◆ **Action item**:
Exact wording is required for every entry; transcribe all of them and leave the images out.

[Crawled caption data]
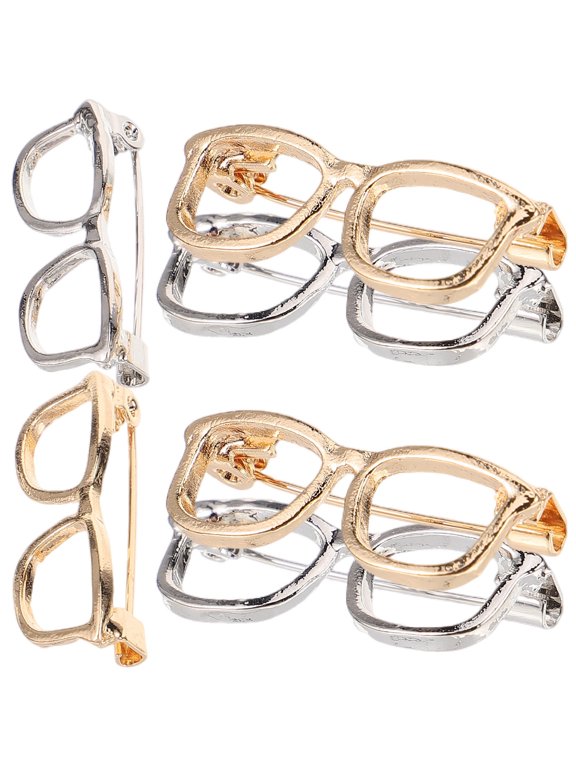 Eyeglass Lapel Pin Alloy 6Pcs Back to School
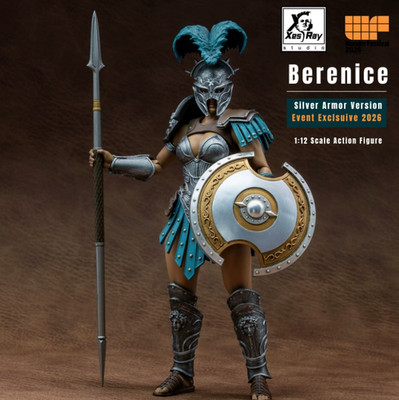 Xesray Gladiator Glory Battle US Exclusive Silver Armor Berenice Action Figure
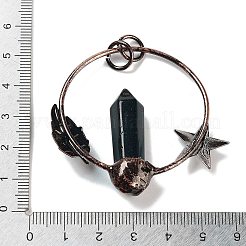 Natural Mixed Stone Faceted Pointed Bullet Big Pendants&nbsp;G-A221-01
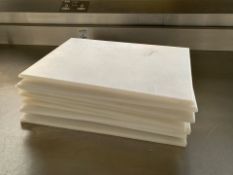 White Chopping Boards x5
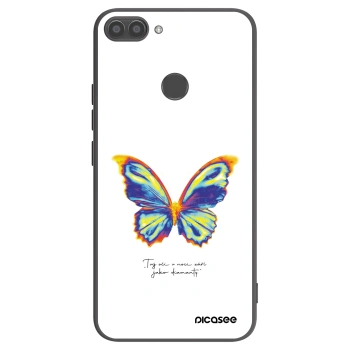 Maskica za Huawei P Smart - Diamanty White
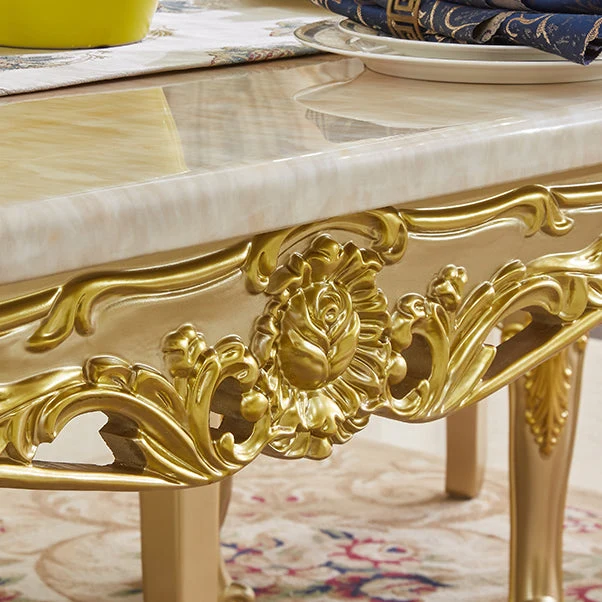 Rectangle Victoria Dinette Table Marble Dining Room Dinner Table 4-foot 51
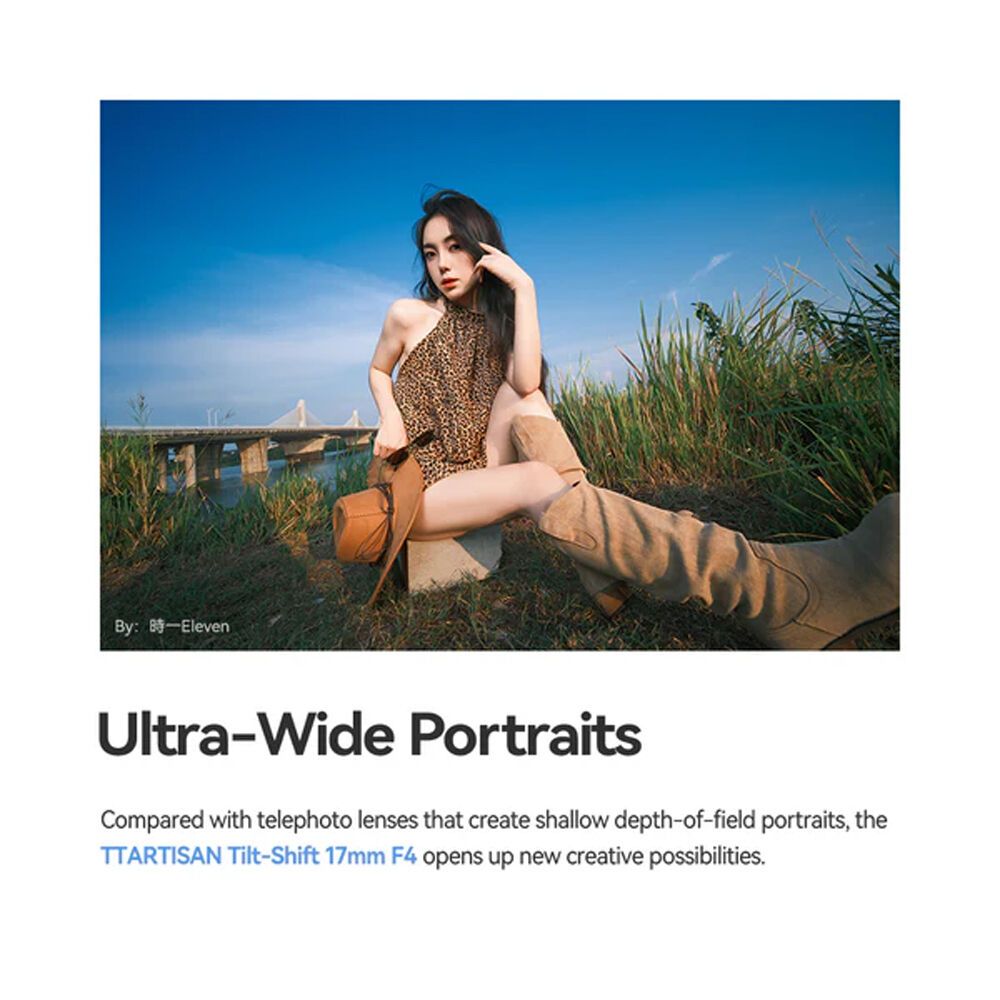 TTArtisan 17mm F/4 Tilt Shift Lens (GFX / E FE Mount)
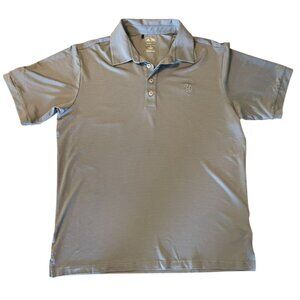 Adidas Golf Climalite‎ Polo Shirt M Gray Short Sleeve Button-Up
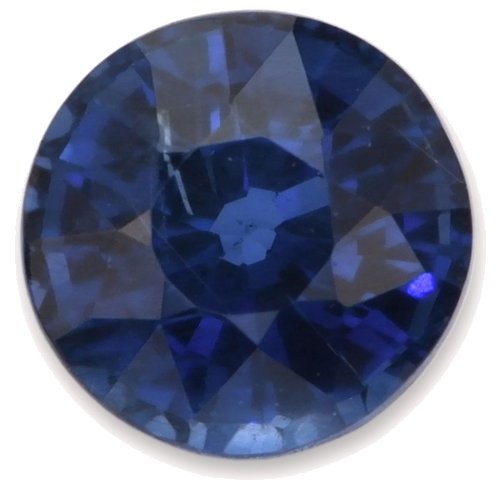 0.66 carat BLUE Round Safyras (1)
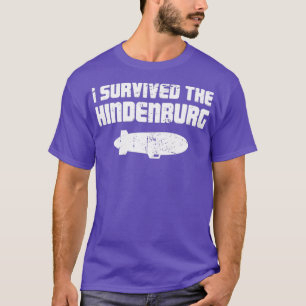 T-shirt Airship Blimp Dirigible The Hindenburg DisasterTSh
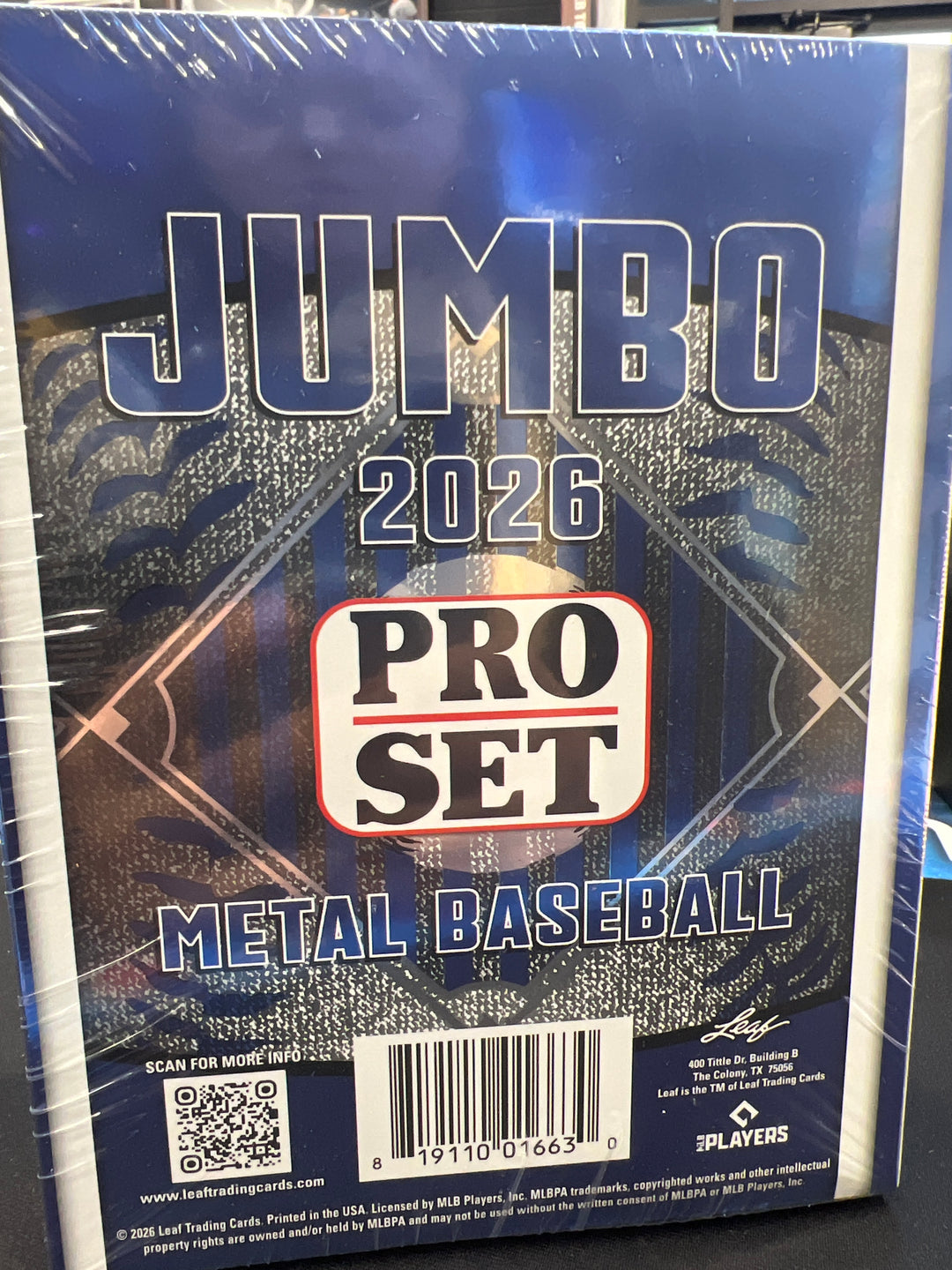 2026 Leaf Pro Set Metal Baseball Jumbo  Box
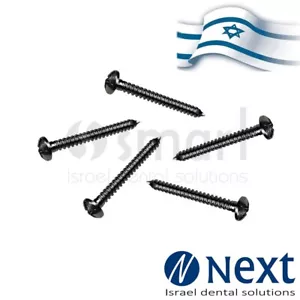 Set x 5 Schraube Titan Stifte Membran Befestigungsblock Knochengitter 1,2x10mm - Bild 1 von 2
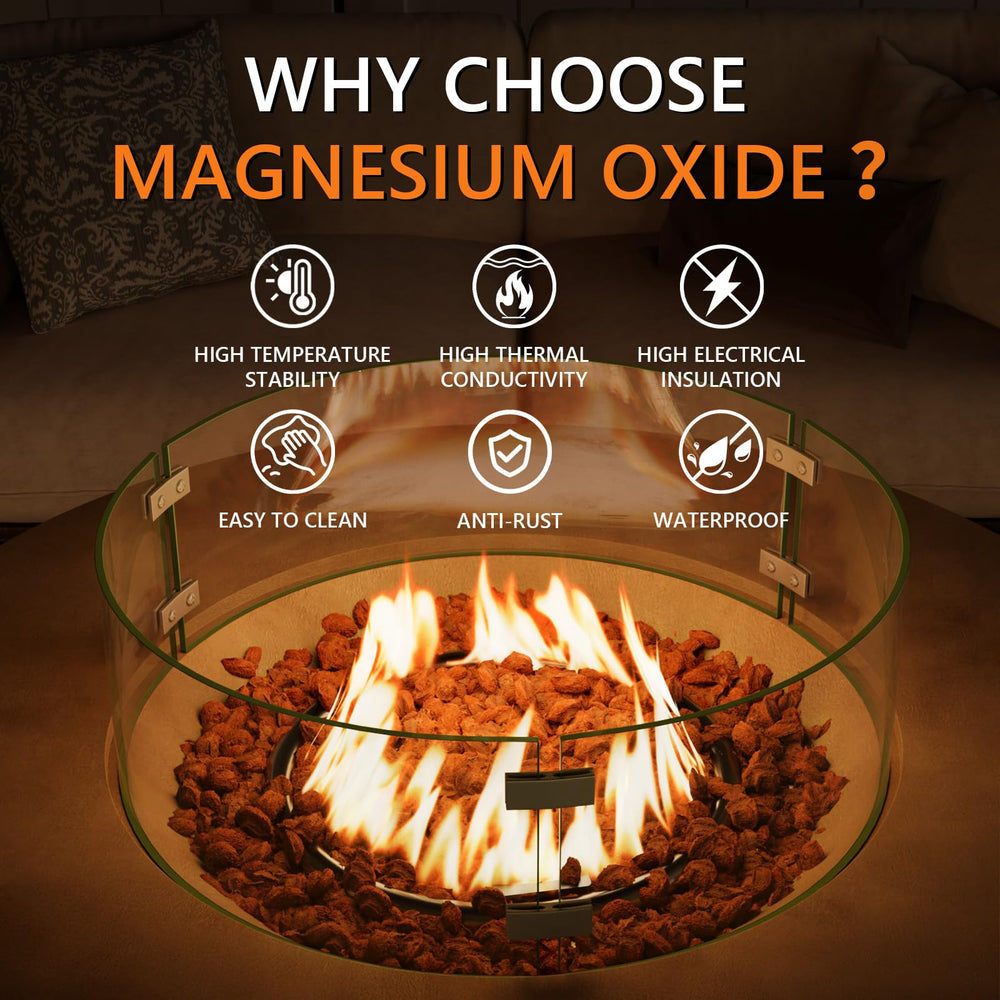 31.5 Inch Round Outdoor Fire Pit - From Where - 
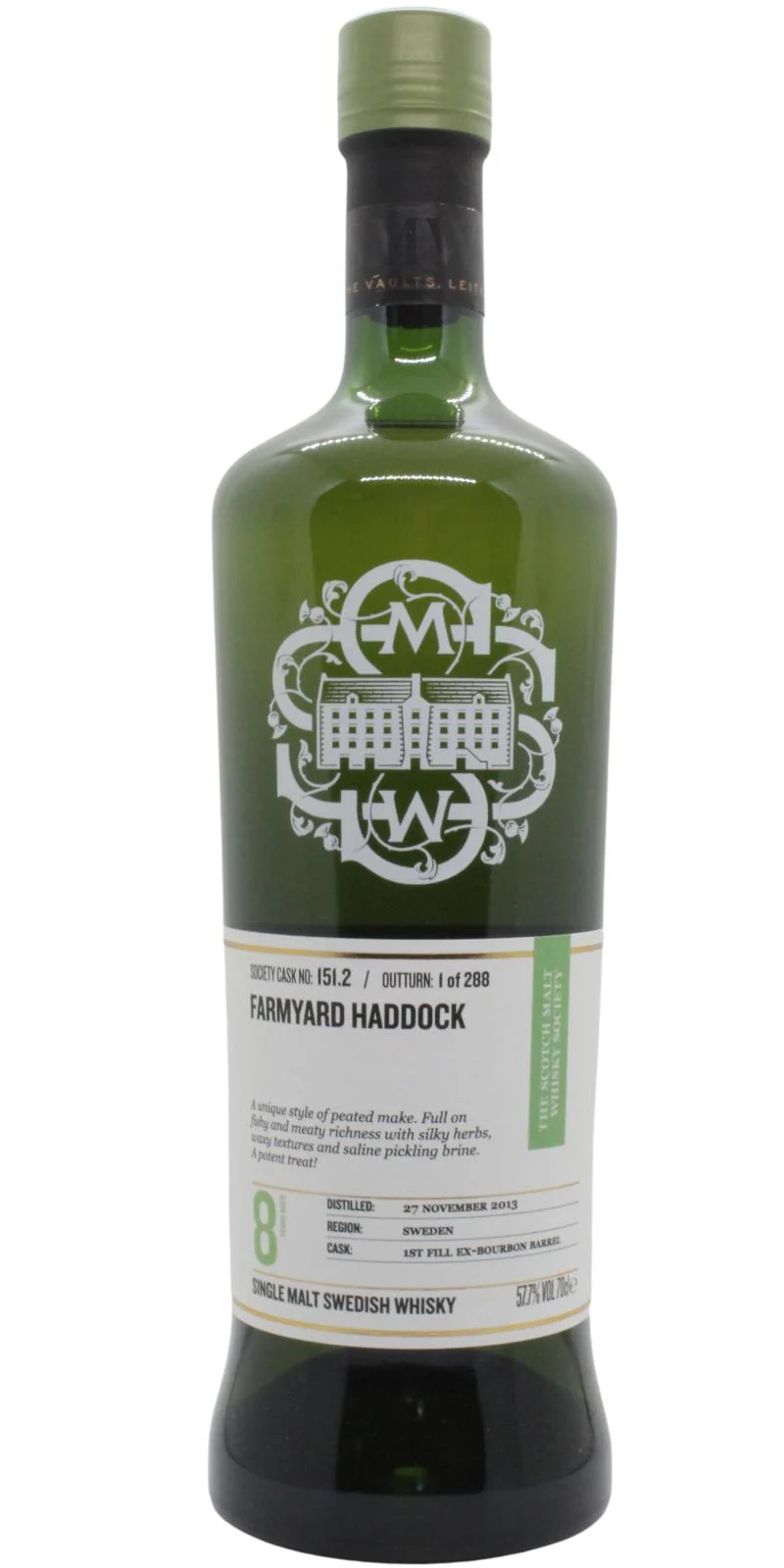 Mackmyra 2013 (SMWS) 151.2 Farmyard haddock (8 Year Old) | 700ML - Whiskey
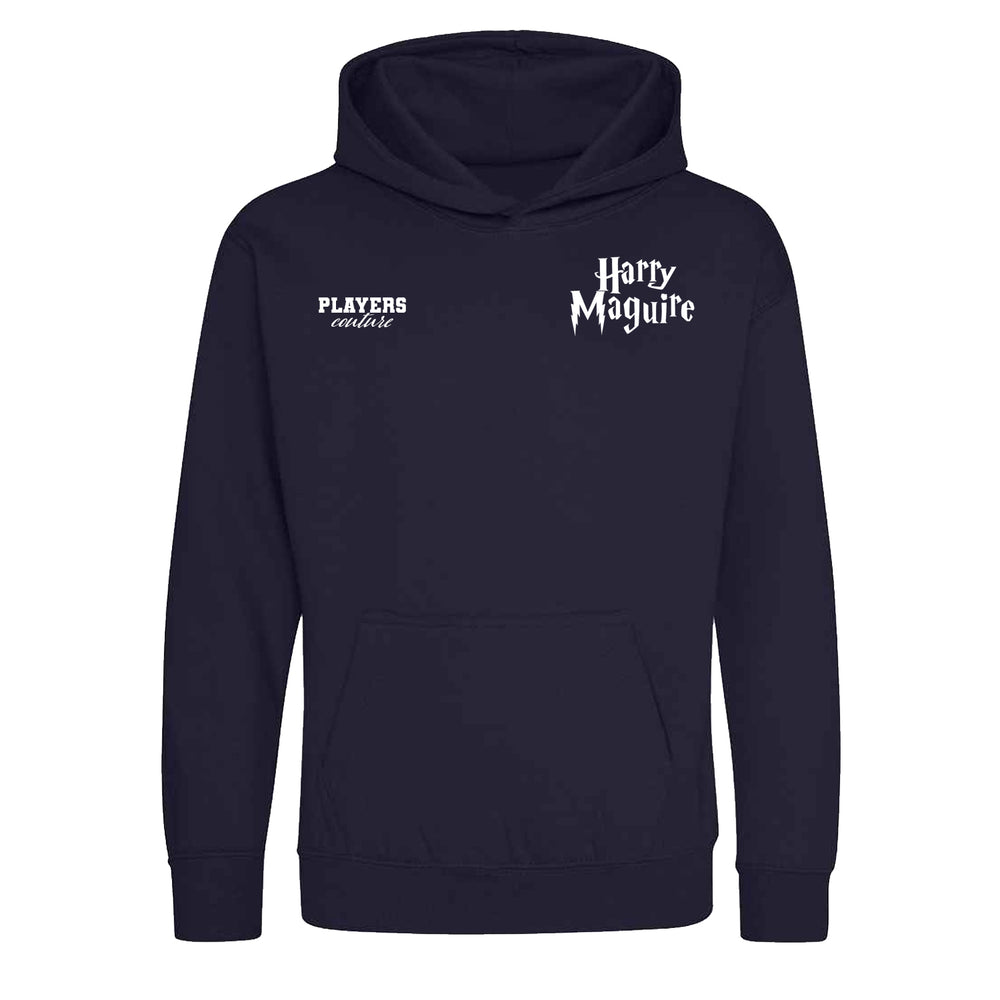 Harry Maguire Logo Players Couture Kids Hoodie Navy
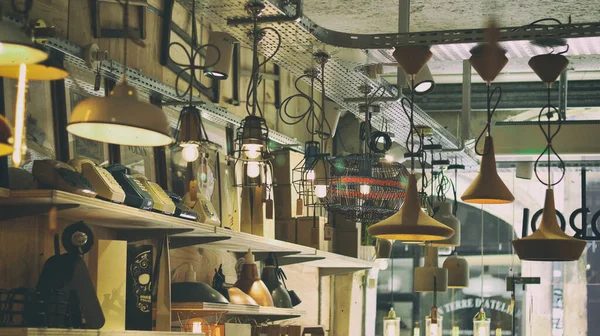 Interiör Lampbutiken — Stockfoto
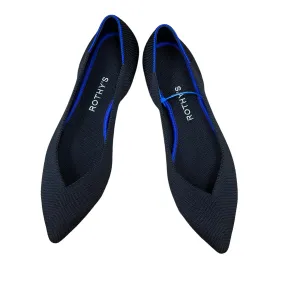 Black Shoes Flats Rothys, Size 8.5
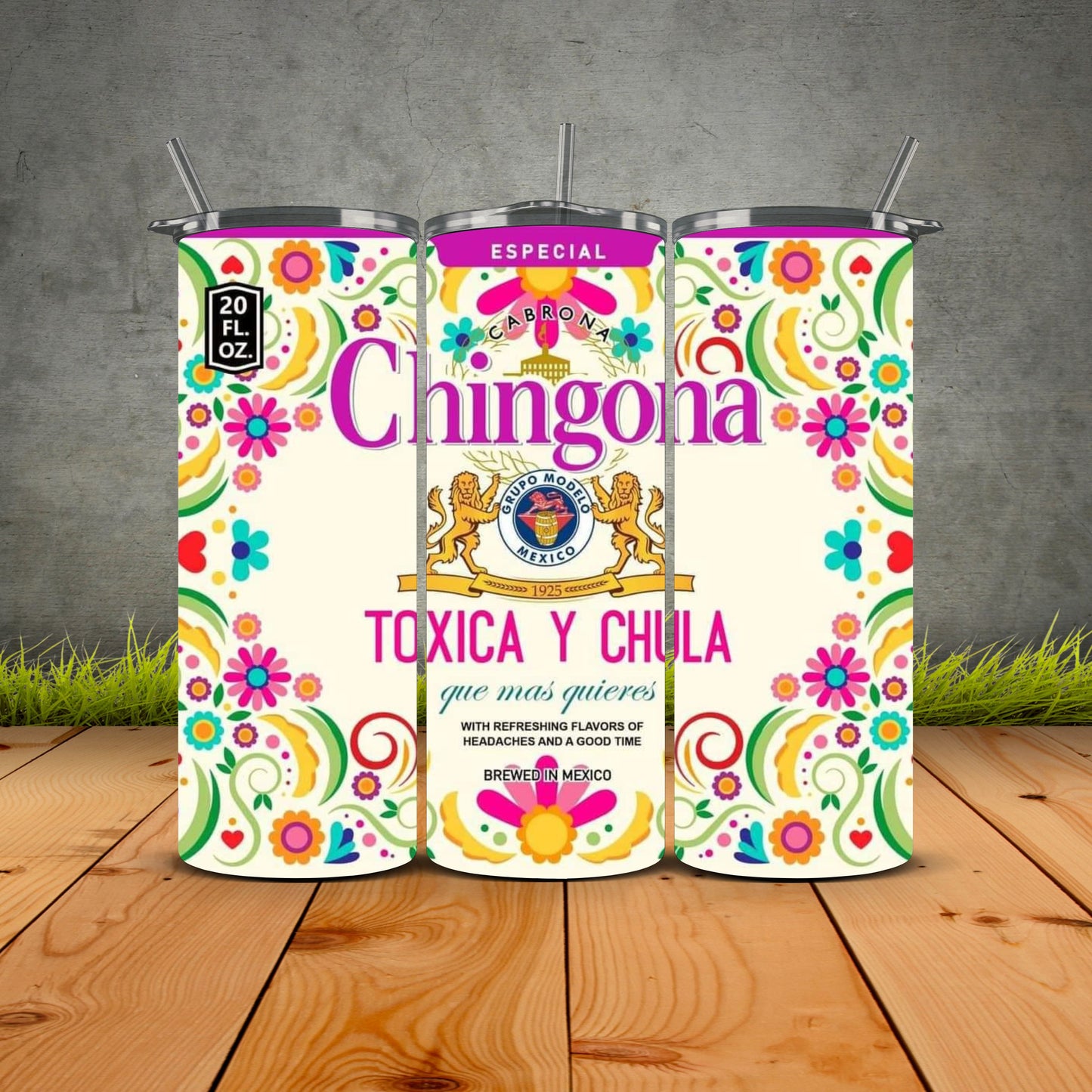 Chingona Vibes Only Modelo Inspired Colorful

◆ **Output for this exercise**:
 Eyeglass Lapel Pin Alloy 6Pcs Back to School
 Xesray Gladiator Glory Battle US Exclusive Silver Armor Berenice Action Figure
 Natural Mixed Stone Faceted Pointed Bullet Big Pendants&nbsp;G-A221-01
 White Chopping Boards x5
 Maskica za Huawei P Smart - Diamanty White
 Rectangle Victoria Dinette Table Marble Dining Room Dinner Table 4-foot 51
 TTArtisan 17mm F/4 Tilt Shift Lens (GFX / E FE Mount)
 Adidas Golf Climalite‎ Polo Shirt M Gray Short Sleeve Button-Up
 0.66 carat BLUE Round Safyras (1)
 T-shirt Airship Blimp Dirigible The Hindenburg DisasterTSh
 2026 Leaf Pro Set Metal Baseball Jumbo  Box
 Set x 5 Schraube Titan Stifte Membran Befestigungsblock Knochengitter 1,2x10mm - Bild 1 von 2
 31.5 Inch Round Outdoor Fire Pit - From Where - 
 Mackmyra 2013 (SMWS) 151.2 Farmyard haddock (8 Year Old) | 700ML - Whiskey
 Harry Maguire Logo Players Couture Kids Hoodie Navy
 Interiör Lampbutiken — Stockfoto
 Black Shoes Flats Rothys, Size 8.5
 Chingona Vibes Only Modelo Inspired Colorful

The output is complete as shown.